# Another try



## dirtsailor2003 (Feb 16, 2017)

Here we go. Target temp is going to be 183. Cook time 1.5 hours.








More to come.


Sent from my iPhone using Tapatalk


----------



## gr0uch0 (Feb 16, 2017)

Oh, no, not again...
	

	
	
		
		



		
		
	


	





Hasn't Groundhog Day already come and gone??  We're stuck in a bad Bill Murray loop.


----------



## dirtsailor2003 (Feb 16, 2017)

Okay, the Sous vide may be the best way to cook whole artichokes. Just plain whole chokes. Nothing added to the bag. I was a bit disappointed that the color wasn't bright green like others have claimed when Sous Vide cooking them. I think they cheated and added a little help into the bag. As with most things I do I wanted to do the unadulterated version first so I can test against it. 

In my research 183-185 was the recommended temp. Times varied from 30-90 minutes.some halved some whole. I went with 183 and 90 minutes. For the most part the choke was done. Another 30 minutes would have been perfect. 

2 hours is longer than steaming or boiling, but the texture was definitely better. 

With that here's the pics. Chokes, always a good way to eat butter.


























Sent from my iPhone using Tapatalk


----------



## SmokinAl (Feb 17, 2017)

I'm with you on the veggie thing with SV.

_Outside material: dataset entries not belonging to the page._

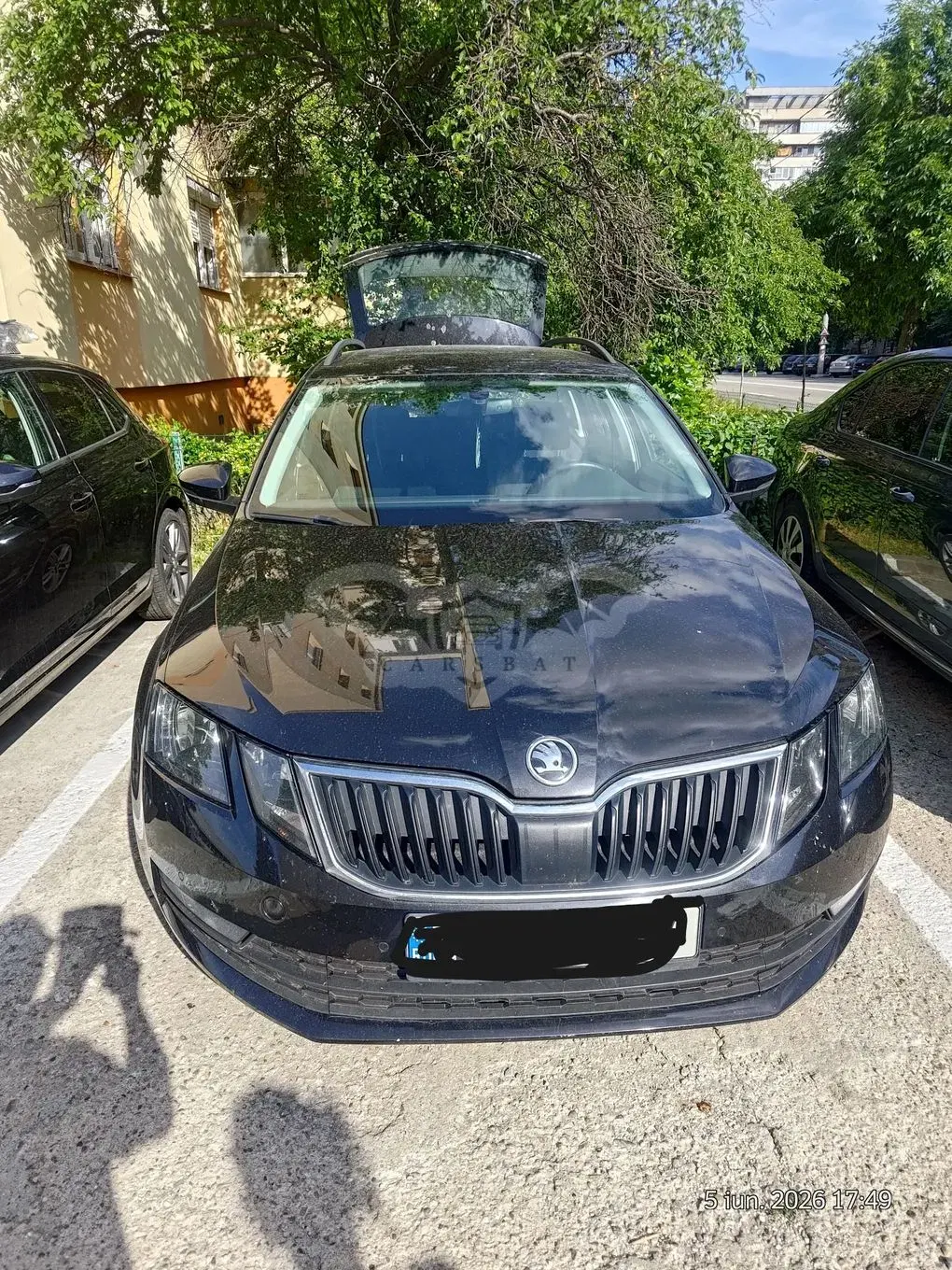 Skoda Octavia III [2013 - 2019] 2019
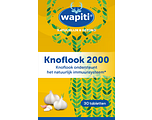 Wapiti Knoflook 2000 Tabletten 30TB
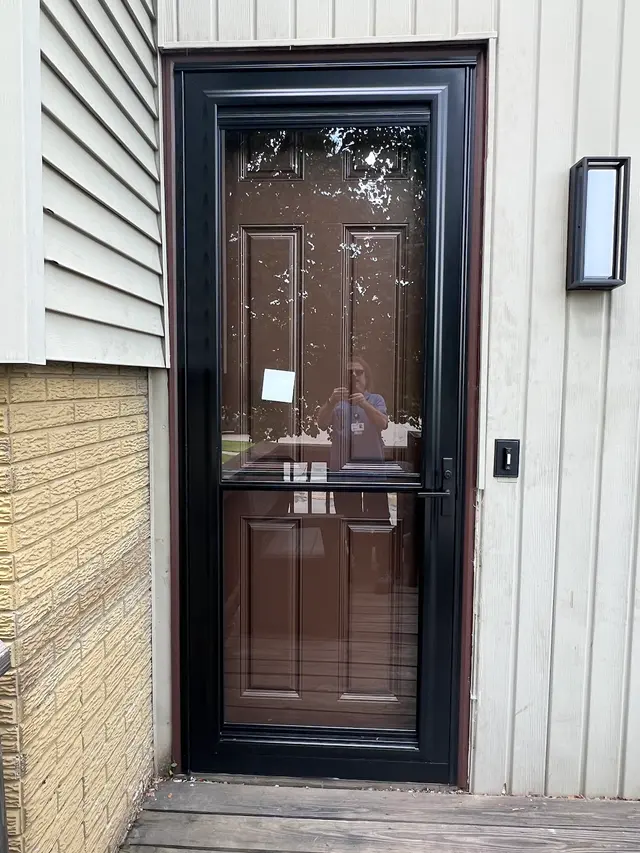 Customer photo of work by Home Solutions of Nebraska, from James Szakonyi's review
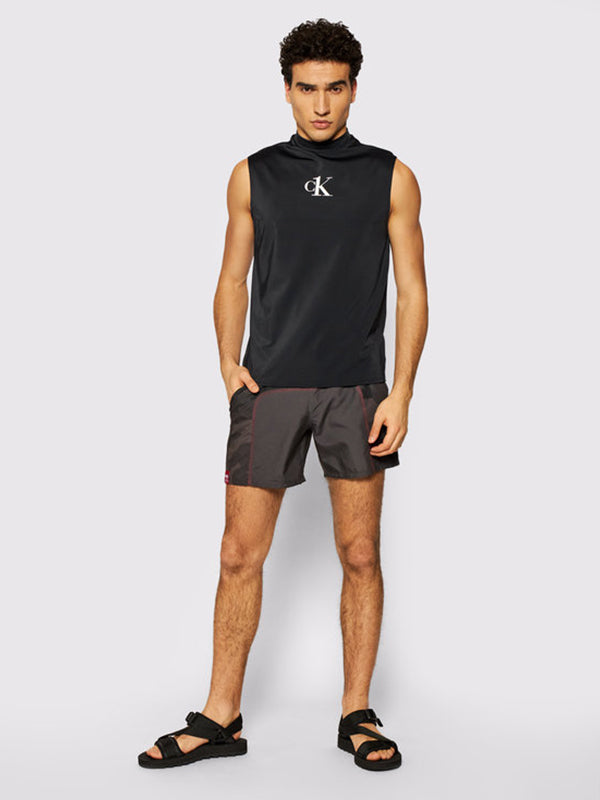 Muscle Tank Pvh Black / L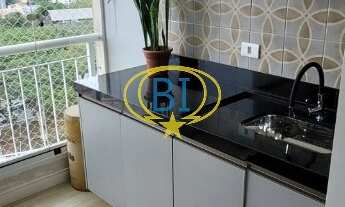 Imagem 5: Apartamento de 2 quartos, 2 suítes com 85 m², 2 vagas, varanda gourmet à venda Na Vila Maf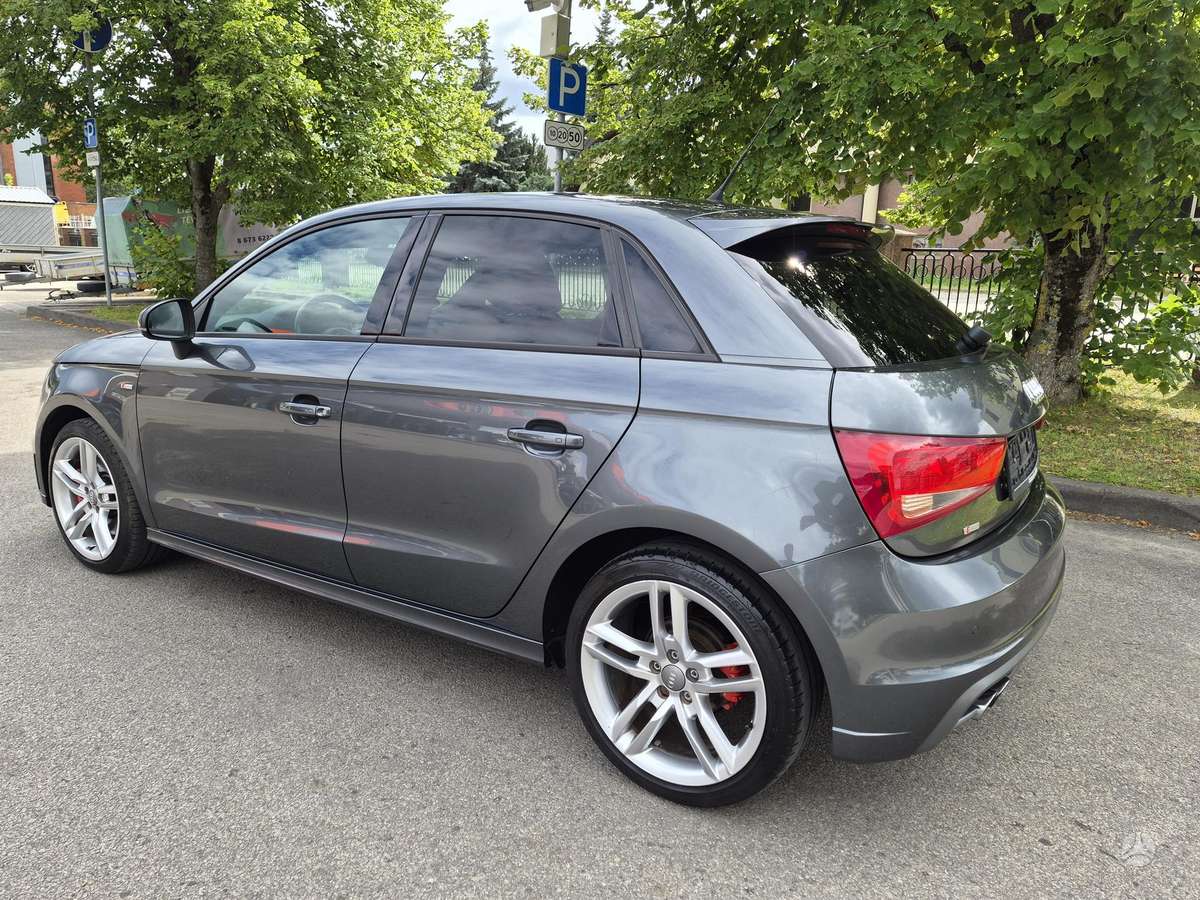 Audi A1, 1.4 l., hatchback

Brussel sprouts & corn on the cob are both killer good!

Al


----------



## chef jimmyj (Feb 17, 2017)

Interesting and tasty, I'm sure. We likes 'em Stuffed around here...JJ


----------



## bellaru (Feb 18, 2017)

Looks good
Added to the list


----------



## smokeymose (Feb 24, 2017)

Never tasted an Artichoke, though they have them at the groceries. I'm going to give it a go.
I can see the Mrs's eyes rolling already...


----------